L’art. 334 c.p.c., che consente alla parte, contro cui è stata proposta impugnazione, di esperire impugnazione incidentale tardiva, senza subire gli effetti dello spirare del termine ordinario o della propria acquiescenza, è rivolto a rendere possibile l’accettazione della sentenza, in situazione di reciproca soccombenza, solo quando anche l’avversario tenga analogo comportamento, e, pertanto, in difetto di limitazioni oggettive, trova applicazione con riguardo a qualsiasi capo della sentenza medesima, ancorché autonomo rispetto a quello investito dall’impugnazione principale.
Questo è il principio espresso dalla Corte di Cassazione, Pres. Di Virgilio- Rel. Besso Marcheis, con l’ordinanza n. 33015 del 28 novembre 2023.
La Suprema Corte ha esaminato in primo luogo il ricorso incidentale, con il quale il controricorrente contestava alla sentenza impugnata di non avere anzitutto dichiarato inammissibile l’appello incidentale delle ricorrenti avverso la sentenza di primo grado: il gravame investiva il capo autonomo della pronuncia relativo alle spese che avrebbe dovuto essere autonomamente impugnato.
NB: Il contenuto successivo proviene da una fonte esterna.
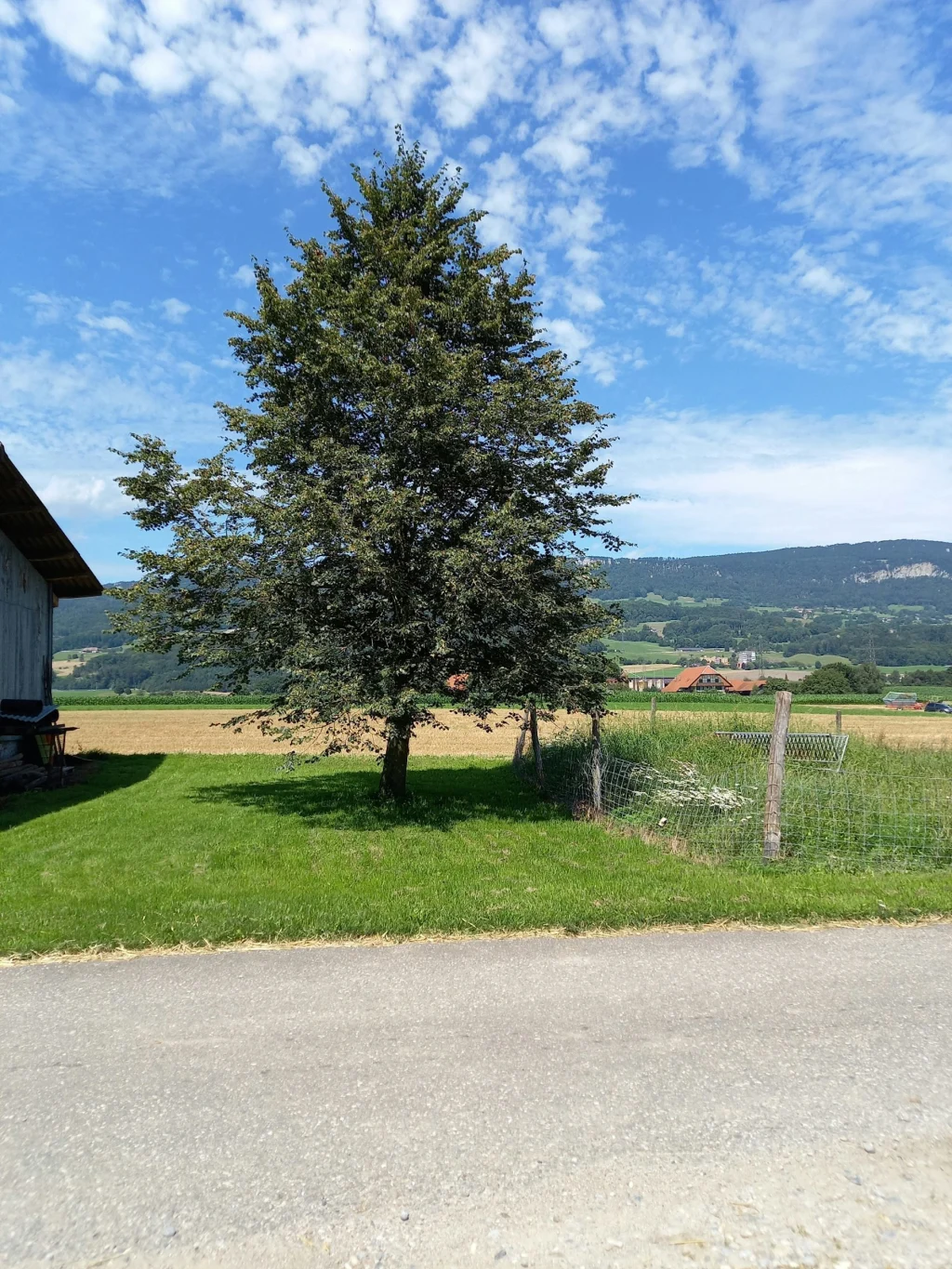 Rieselhof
Tanto deduceva il controricorrente richiamando precedenti di legittimità nei quali si affermava che “la statuizione della sentenza che provvede sulle spese di giudizio costituisce un capo autonomo della decisione; ne consegue che l’impugnazione avverso di essa deve essere proposta in via autonoma e non per mezzo di impugnazione incidentale tardiva”.
La Suprema Corte ha ritenuto di non allinearsi ai suddetti precedenti in quanto l’autonomia del capo della sentenza impugnata non comportava l’inammissibilità dell’appello incidentale tardivo.
Sulla base del principio di diritto già menzionato, quindi, la Corte ha rigettato il ricorso incidentale, accogliendo poi il primo motivo del ricorso principale e dichiarando assorbito il secondo. La causa è stata rinviata, anche per le spese del giudizio di legittimità, alla Corte d’appello, in diversa composizione.